Artifacts highlight Morrow library's Black History display

Photo by Heather Middleton

Photo by Heather Middleton

By Curt Yeomans


Ruby Alford and Gene Krynicki agree that African-themed items should be displayed in Morrow to educate people on African-American history.

Alford is the branch manager of the Clayton County Public Library System's Morrow branch, and Krynicki is the owner of the Antique Emporium, a shop that is literally around the corner from the library, which is located at 6225 Maddox Road.

For the second year in a row, they have come together to create a Black History Month display that features African-inspired artwork on loan from Krynicki's shop.

The display includes 11 statues, and one purse carved from a coconut, that Krynicki lent to the library. It also includes an Underground Railroad quilt that belongs to Alford, and several pieces of native Nigerian clothing that belong to Library Assistant Francis Adebola-Wilson.

"We're supporting a neighborhood effort," Krynicki said. "It's good for the children to see examples of hand-made art ... I believe in supporting your neighborhood whenever you can."

"Black History Month is education for the community, especially the children, who have not been exposed to their history, yet," Alford added.

The items will remain on display at the library through the end of the month, when Black History Month ends. The statues Krynicki lent the library for the display range from African art (such as tribal warrior figures), to Caribbean art (including statues of women carrying fruit).
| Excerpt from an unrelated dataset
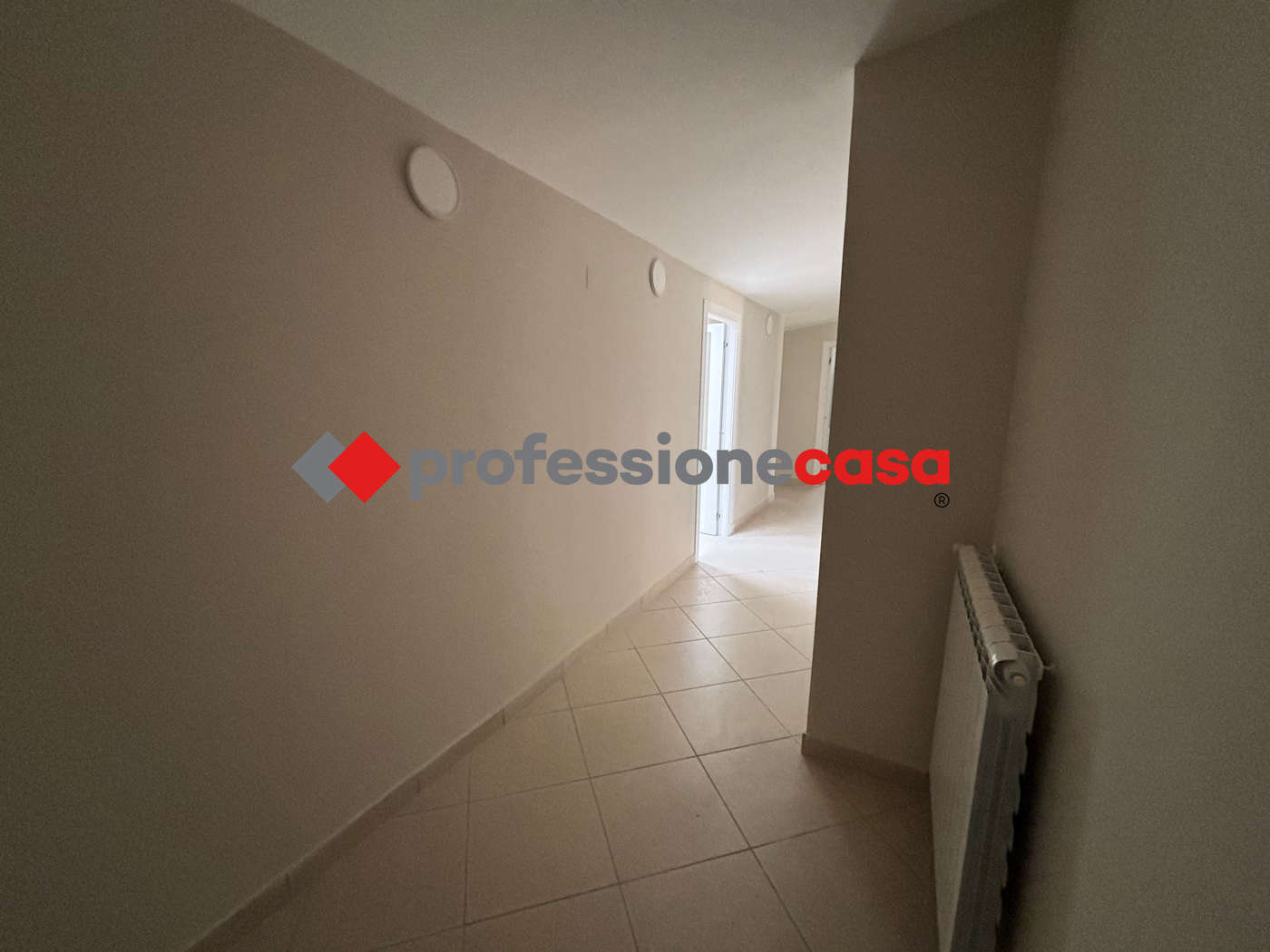 Attico arredato in affitto a San Nicola la Strada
Krynicki said he collects the statues, and other items, including tribal masks, by shopping at places such as flea markets, auctions, antique shows, yard sales and estate sales. He turns around and sells the items at his own shop, which is located at 2394 Lake Harbin Road, in Morrow.

He said he prefers to buy items for re-sale that look like they were made by hand. "I buy it strictly for the decorative appeal," Krynicki said. He later added, "It's become a hobby and a career. It's sort of like an addiction."

Krynicki said the partnership between his shop and the library began last year when Diana Acquaye, a customer who was, at the time, a library assistant at the branch, asked him if the library could borrow some items from his shop for a Black History Month display.

"She had been shopping at my store for a while, and I trusted her, so I said 'Sure, go ahead,'" he said.

Alford said Acquaye has since been transferred to the library system's headquarters branch, but the Morrow branch's partnership with Krynicki lives on with this year's display.

"We couldn't have pulled it off nearly as well without Mr. Krynicki's help," Alford said. "That goes to show the kind of relationship a library should have with its neighborhood. You have to have that connection and communication with your community to be successful."